ABOUT THIS EXERCISE:
Below are records with pictures in them. Transcribe everything from the line containing "Image of Black-capped Chickadee" down to the line containing "Ядерная ламина Внутренняя", exactly, and leave the pictures behind.

RECORDS TO PROCESS:
"""

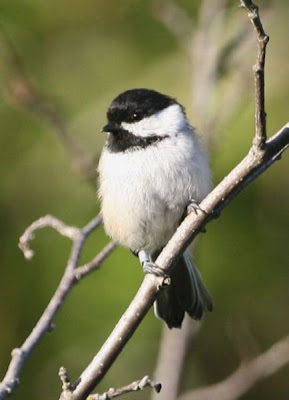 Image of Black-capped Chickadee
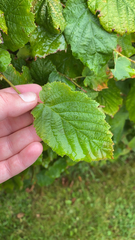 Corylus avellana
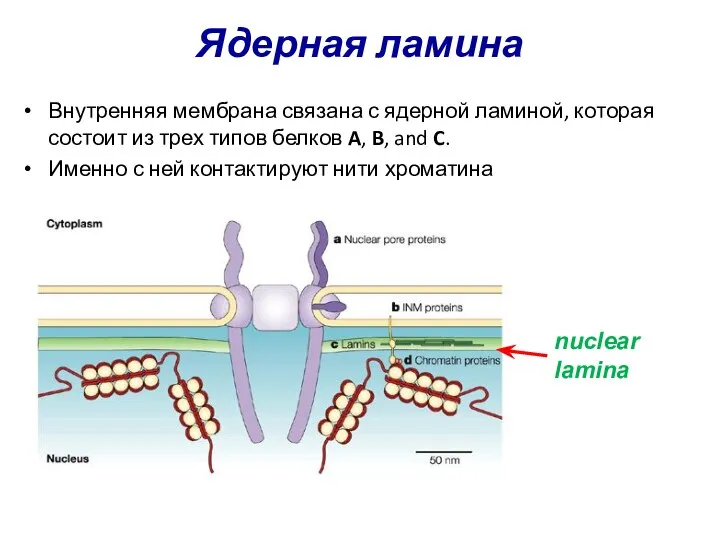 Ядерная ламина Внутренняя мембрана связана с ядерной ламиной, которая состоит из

"""
"""

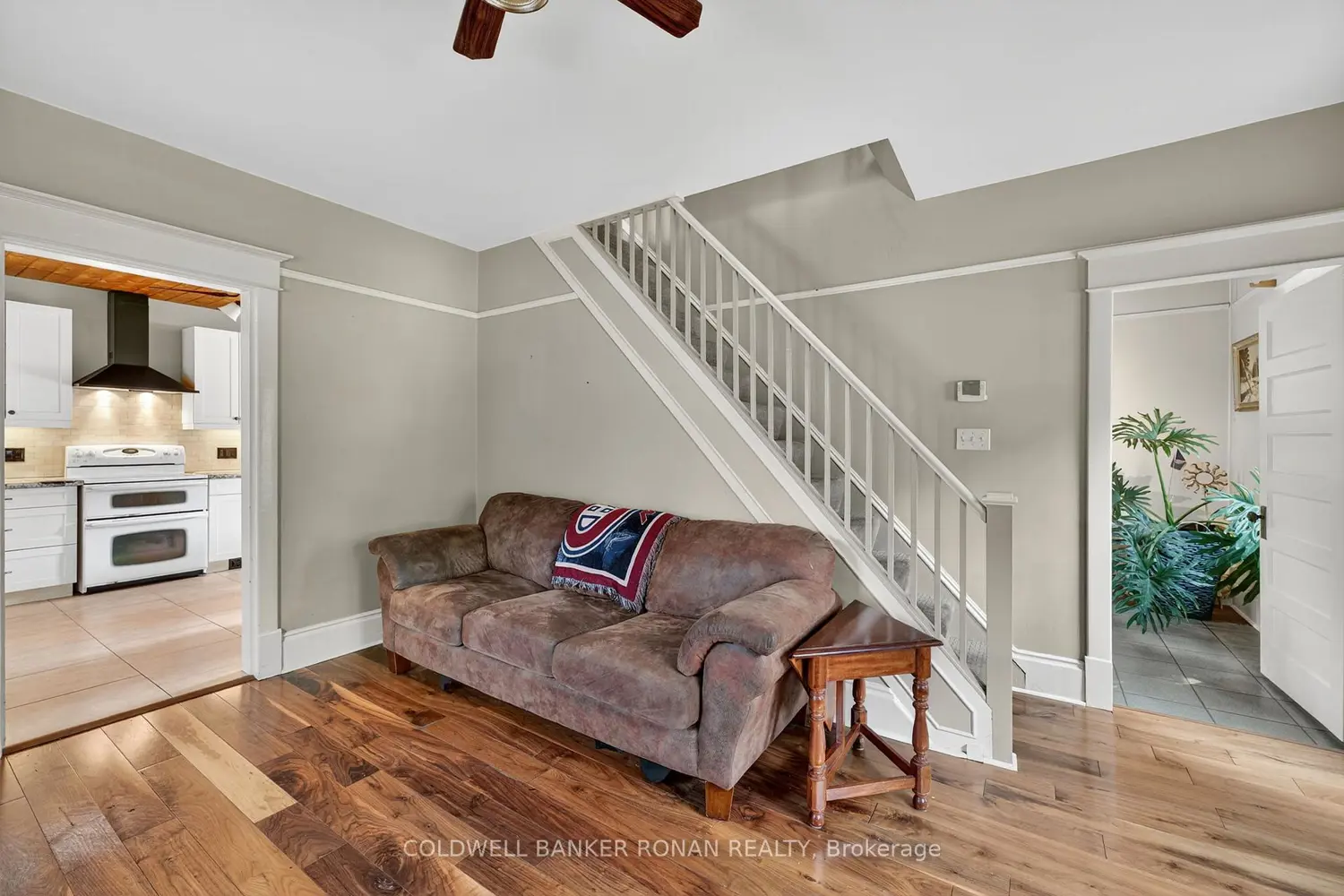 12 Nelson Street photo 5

"""
"""

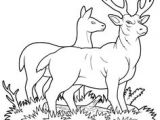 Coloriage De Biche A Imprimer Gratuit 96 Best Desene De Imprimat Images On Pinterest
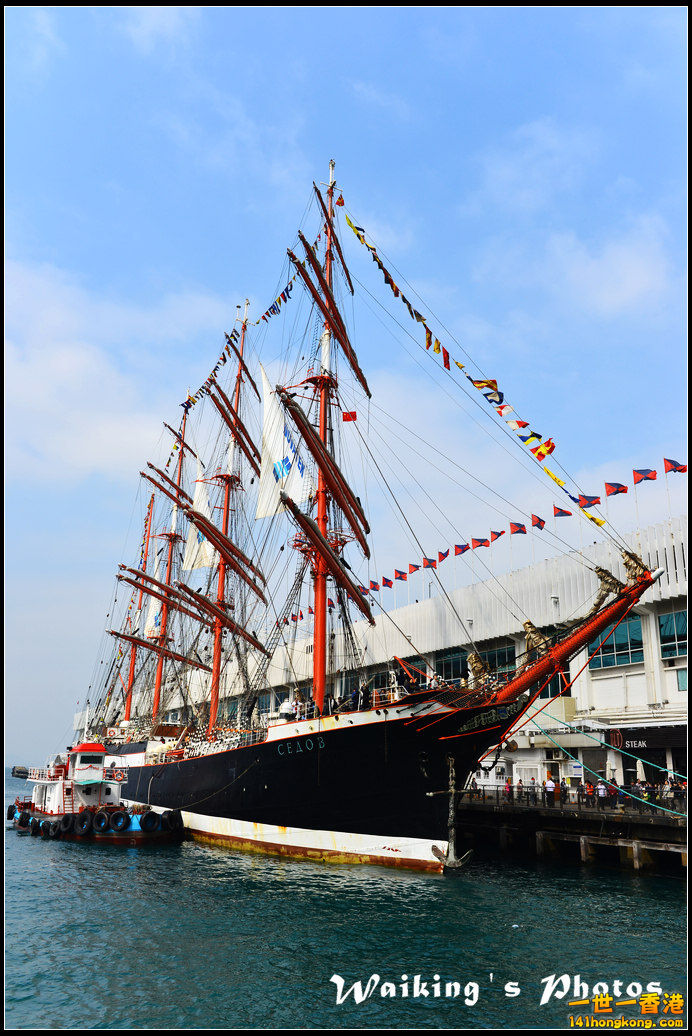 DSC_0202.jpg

"""

TASK RESULT:
 Image of Black-capped Chickadee
 Corylus avellana
 Ядерная ламина Внутренняя мембрана связана с ядерной ламиной, которая состоит из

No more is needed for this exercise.